Antoine-Gaspard Boucher d’Argis (1708-1791). Avocat et encyclopédiste français.Quelques publications :
— Traité des gains nuptiaux et de survie, qui sont en usage dans les païs de droit écrit, tant du ressort du parlement de Paris, que des autres parlemens, Lyon : chez Duplain Père & Fils, 1738.
— Traité de la cruë des meubles au-dessus de leur prisée, dans lequel on explique son origine, & celle du parisis des meubles ; les pays où la crûe a lieu; leur différens usages sur la quotité ; quels meubles y sont sujets ; quelles personnes en doivent tenir compte ; & plusieurs autres questions qui naissent de cette matière, Paris, Brunet fils, 1741 & Paris, Saugrain, 1768. In-12.
— Code rural, ou Maximes et réglemens concernant les biens de campagne, la chasse, la pêche, les baux, les troupeaux et bestiaux…, Paris, Prault père, 1749 et 1762, 2 vol. in-12 ; 1774, 3 vol. in-12, XLI-387, 392 et 459 p. ; éd. en 1794, 3 vol. in-12.
— Principes sur la nullité du mariage, pour cause d’impuissance, [Londres], 1756.

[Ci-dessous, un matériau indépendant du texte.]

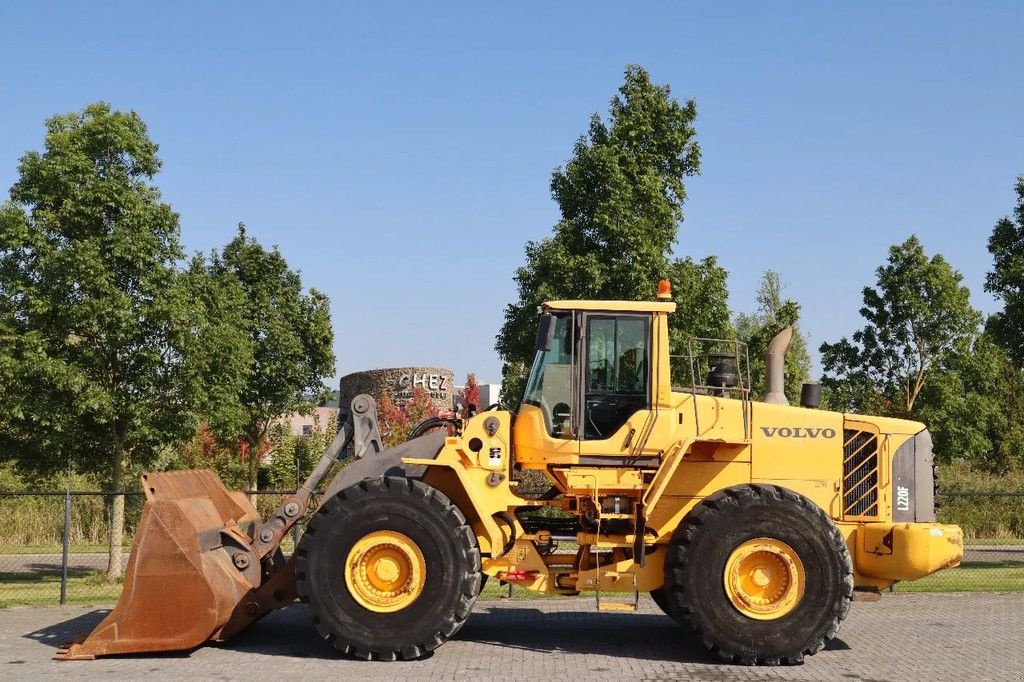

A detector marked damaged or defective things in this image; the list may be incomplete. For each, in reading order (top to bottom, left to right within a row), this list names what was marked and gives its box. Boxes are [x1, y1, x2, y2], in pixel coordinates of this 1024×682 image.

rusty bucket [55, 470, 264, 656]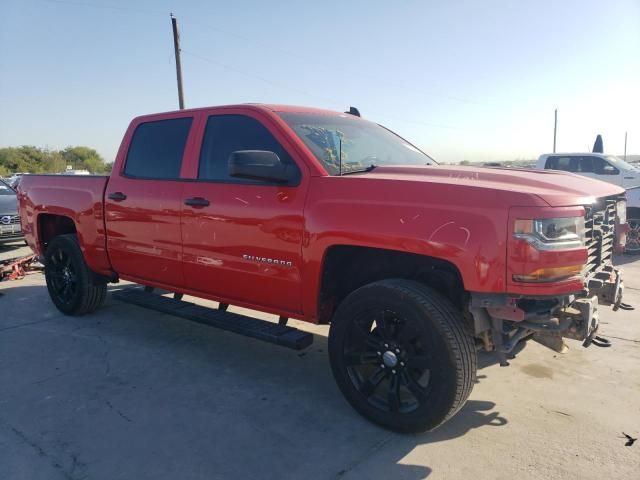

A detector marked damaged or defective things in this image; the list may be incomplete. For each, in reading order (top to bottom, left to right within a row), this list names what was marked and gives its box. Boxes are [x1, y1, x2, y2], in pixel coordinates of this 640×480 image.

damaged front bumper [470, 264, 632, 366]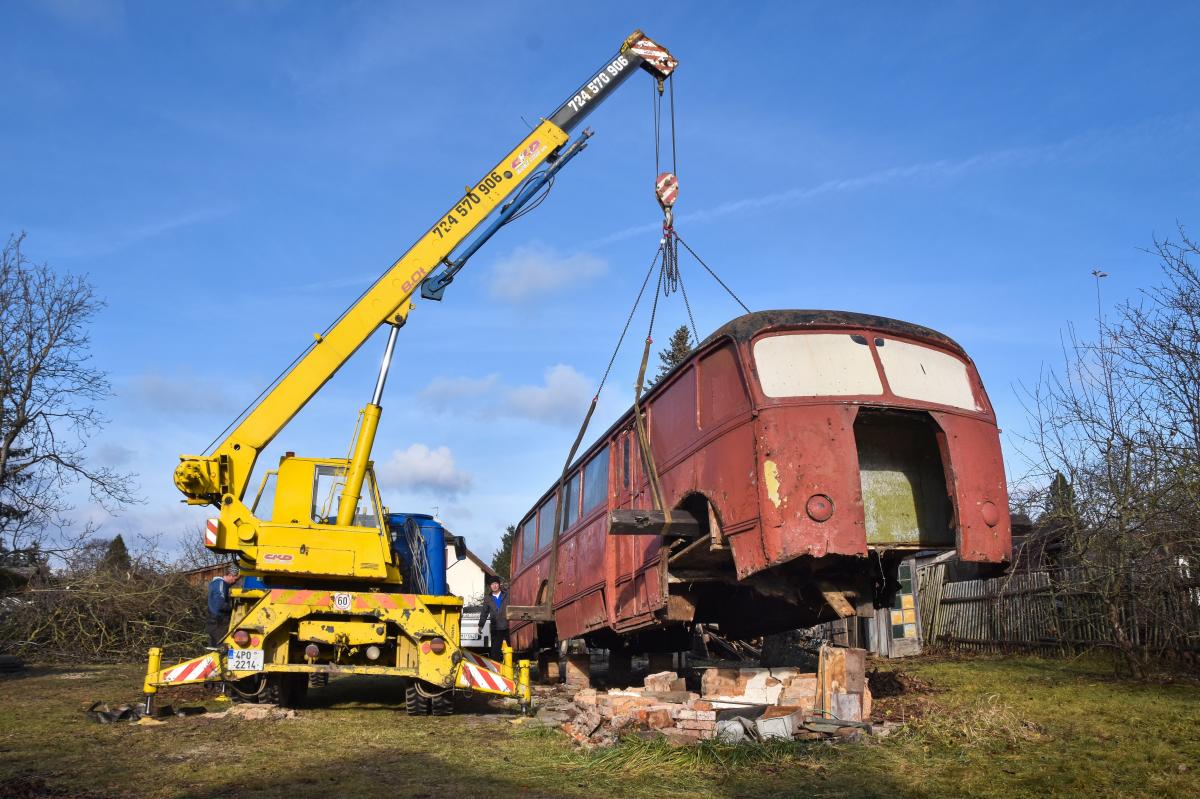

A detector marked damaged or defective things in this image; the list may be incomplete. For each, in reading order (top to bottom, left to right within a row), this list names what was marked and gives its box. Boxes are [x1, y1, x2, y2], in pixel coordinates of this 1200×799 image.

peeling paint [763, 458, 782, 506]
rusty metal panel [926, 410, 1012, 559]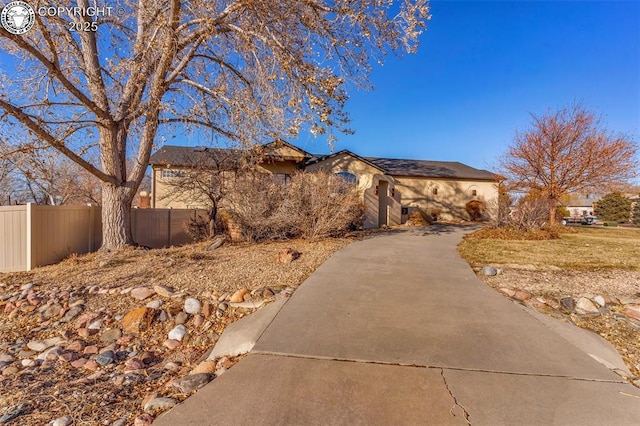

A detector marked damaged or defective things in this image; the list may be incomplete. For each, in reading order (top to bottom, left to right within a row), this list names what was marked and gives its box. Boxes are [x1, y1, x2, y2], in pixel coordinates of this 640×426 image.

sidewalk crack [440, 368, 470, 424]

Les images ont été rajoutées par nos soins. – Nouvelle transcription de l’article original établie sur un exemplaire de collection privée sous © histoiredelafolie.fr
POSSESSION, s. f.
Possession du démon, (Théolog.) état d’une personne dont le démon s’est emparé, dans le corps de laquelle il est entré, & qu’il tourmente.
On met cette différence entre l’obsession & la possession du démon, que dans la première le démon agit au-dehors, & que dans l’autre il agit au-dedans. Voyez Obsession.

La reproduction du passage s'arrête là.